These Two REITs Can Be Safer Than Bonds When Rates Are Rising

I’m getting a lot of questions about real estate right now and, specifically, about whether REITs are as “bad” as many investors think when rates are rising.

Nope.

In fact, the right REITs can be better, safer and potential far more lucrative as interest rates increase.

Including the two I’d like to share with you today.

Many investors believe that rising rates are bad for real estate and, by implication, for Real Estate Investment Trusts or “REITs” for short. So they’re starving themselves of badly needed income by lightening up their allocations or abandoning them entirely.

That’s a huge mistake – if you understand how to pick the right REITs.

Contrary to what a lot of investors believe, REITs have historically done well when the cost of money is increasing.
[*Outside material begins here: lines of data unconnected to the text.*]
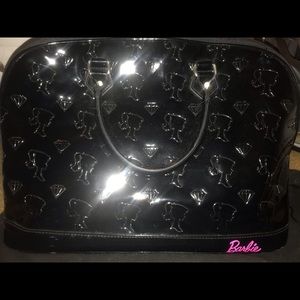 LoungeFly X Barbie overnight bag
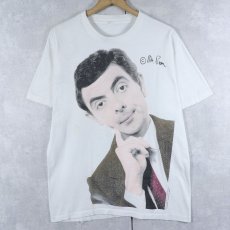 画像1: 90's Mr. Bean コメディアンプリントTシャツ (1)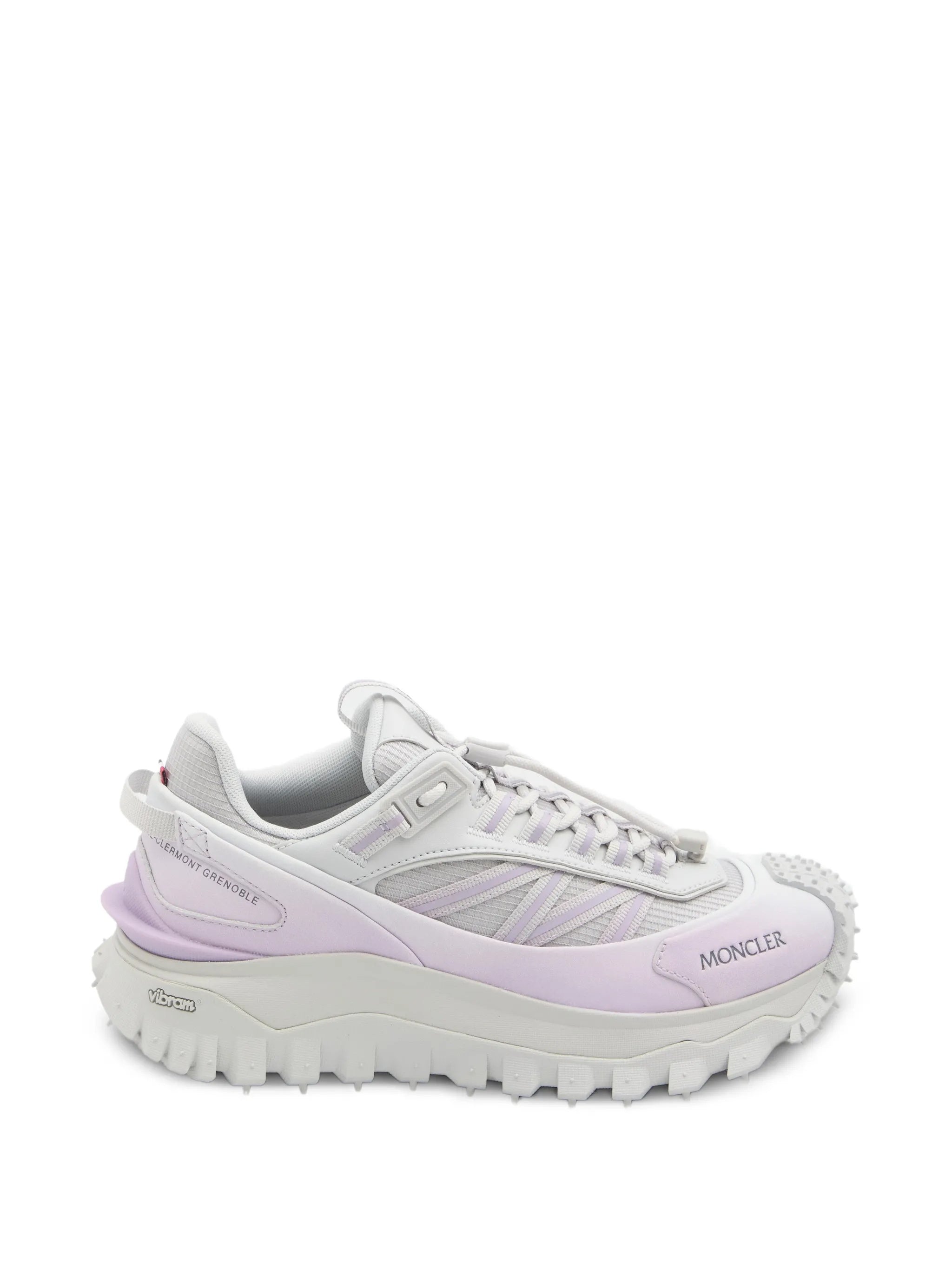 Grey Trailgrip Chunky Sole Sneakers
Between 1994 and 2017, for example, there were nine time periods when interest rates rose by more than 1% (or 100 basis points in trader speak) as measured by the 10-Year U.S. Treasury note.

Six out of nine of those times, REITs provided positive returns despite the fact that those rate changes were roughly four times larger than the measly 0.25% hike Yellen just made and the three additional hikes she says she’s going to make in 2017.

What most people miss is deceptively simple.

Namely that there’s a big difference between a sharp rate spike in the mold of Chairman Paul Volker’s 1970s “torpedo” and the slowest interest rate normalization in history that’s now Yellen’s legacy until, apparently, the end of time.

The former is a mechanism designed to shut down inflation and rein in speculation, while the latter is intended to maintain all the things policy makers believe free money makes possible – an improving labor market, consumer spending, and overall demand.

To paraphrase legendary executive and former presidential candidate H. Ross Perot, “lemme show ya a chart.”

Many investors worry that “it’ll be different this time” – usually more as it relates to traditional dividends and income than real estate – but either way, it really doesn’t matter much.